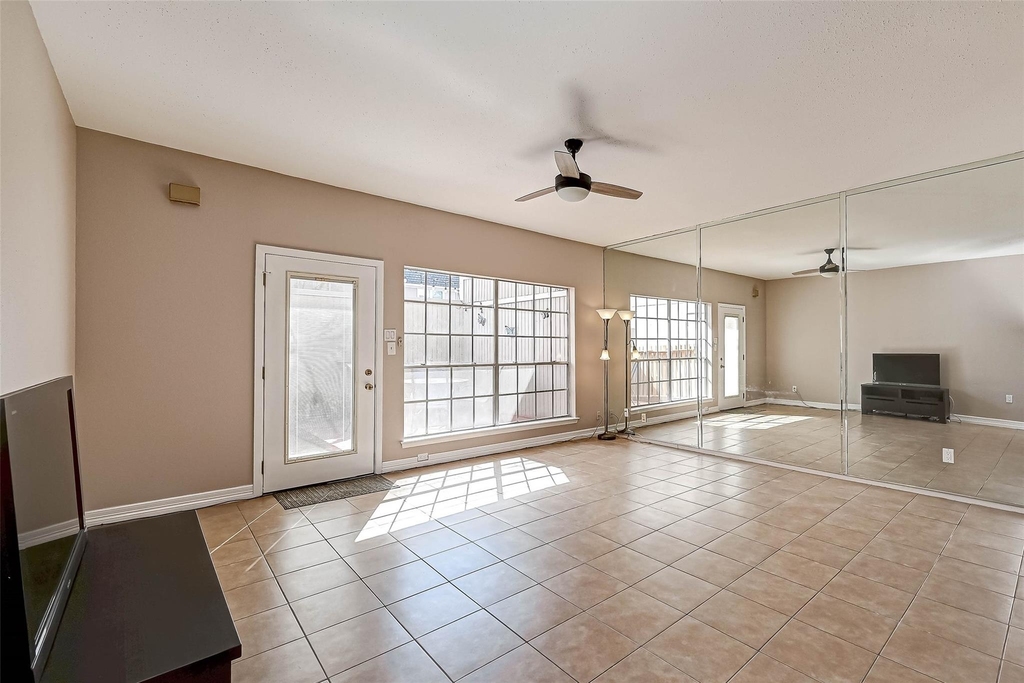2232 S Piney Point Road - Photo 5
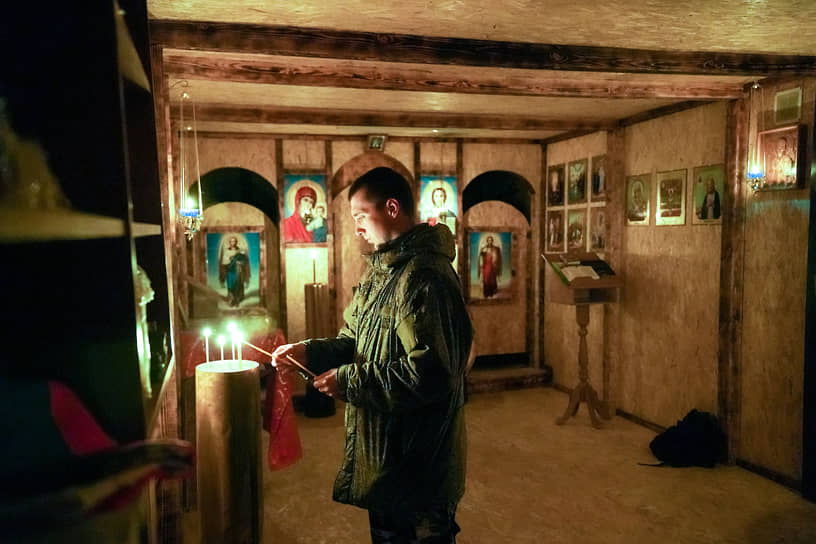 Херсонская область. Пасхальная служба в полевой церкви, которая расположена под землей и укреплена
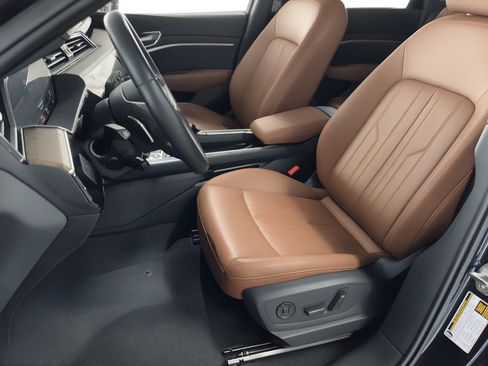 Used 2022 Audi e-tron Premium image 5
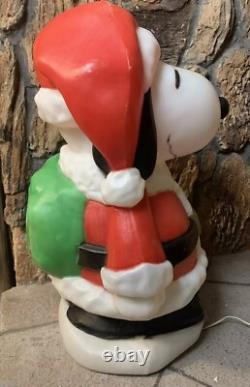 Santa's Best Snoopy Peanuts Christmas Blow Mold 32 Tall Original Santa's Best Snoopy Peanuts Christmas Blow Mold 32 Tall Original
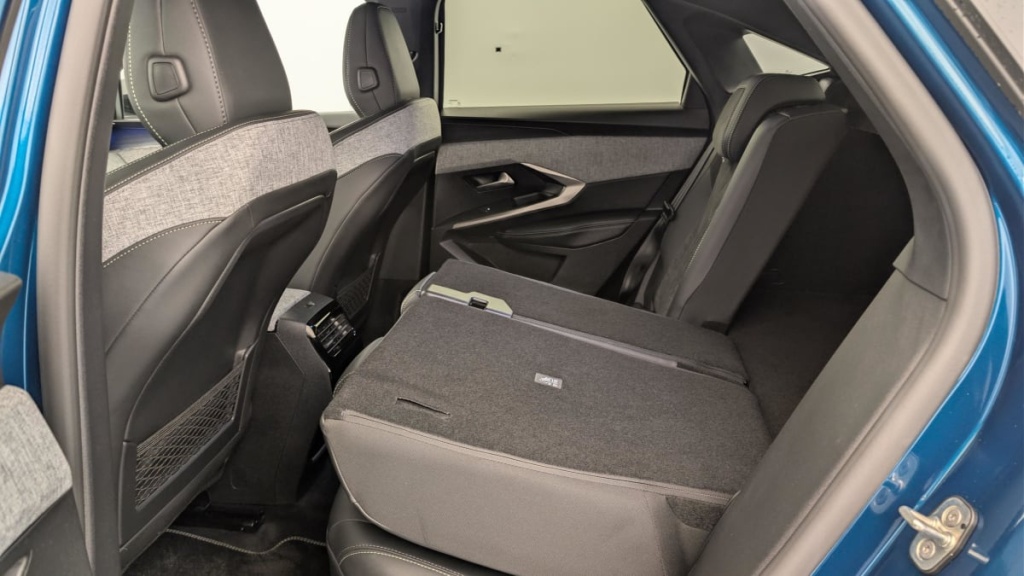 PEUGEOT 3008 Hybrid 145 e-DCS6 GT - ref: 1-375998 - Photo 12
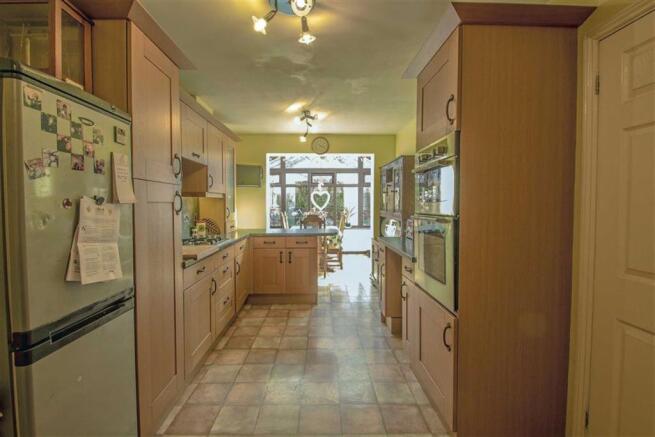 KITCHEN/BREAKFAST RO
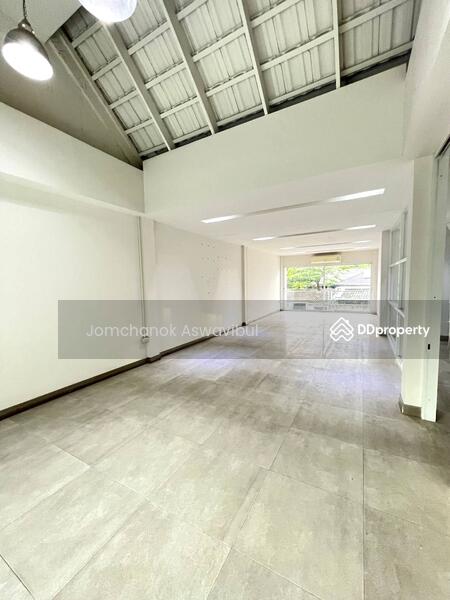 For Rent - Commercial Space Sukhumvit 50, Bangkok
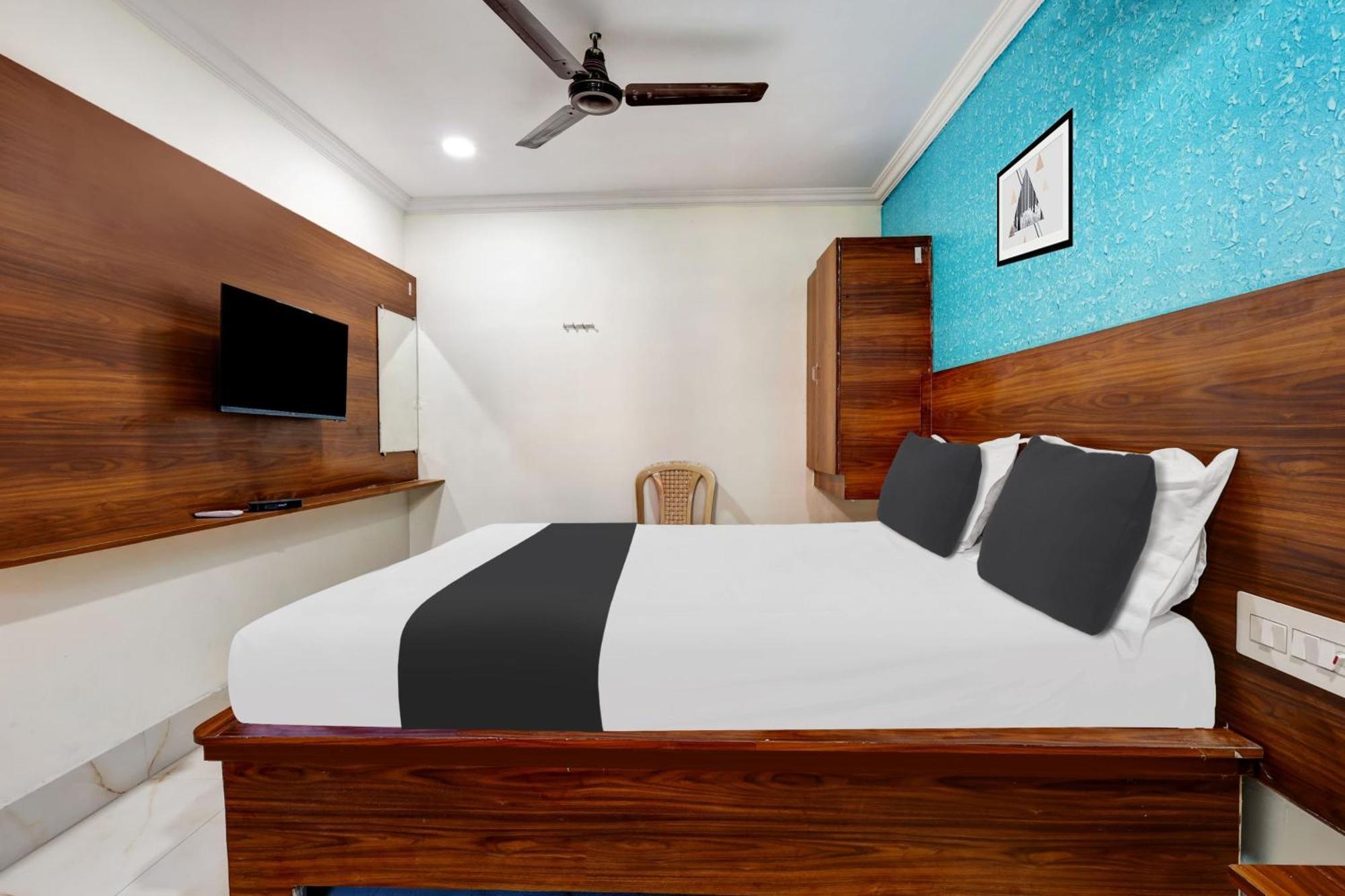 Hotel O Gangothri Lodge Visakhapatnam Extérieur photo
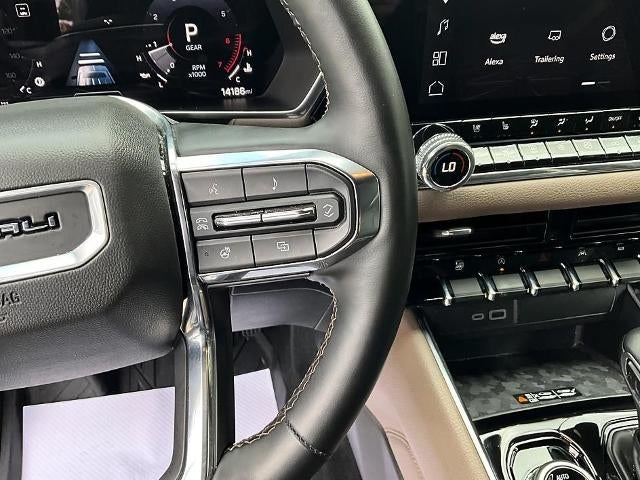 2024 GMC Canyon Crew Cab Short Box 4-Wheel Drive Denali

**********

TASK OBJECTIVE: Exclude all images and return the listing word for word.

RESPONSE FOR THIS EXERCISE:
2232 S Piney Point Road - Photo 5
 Херсонская область. Пасхальная служба в полевой церкви, которая расположена под землей и укреплена
 Used 2022 Audi e-tron Premium image 5
 Santa's Best Snoopy Peanuts Christmas Blow Mold 32 Tall Original Santa's Best Snoopy Peanuts Christmas Blow Mold 32 Tall Original
 PEUGEOT 3008 Hybrid 145 e-DCS6 GT - ref: 1-375998 - Photo 12
 KITCHEN/BREAKFAST RO
 For Rent - Commercial Space Sukhumvit 50, Bangkok
 Hotel O Gangothri Lodge Visakhapatnam Extérieur photo
 2024 GMC Canyon Crew Cab Short Box 4-Wheel Drive Denali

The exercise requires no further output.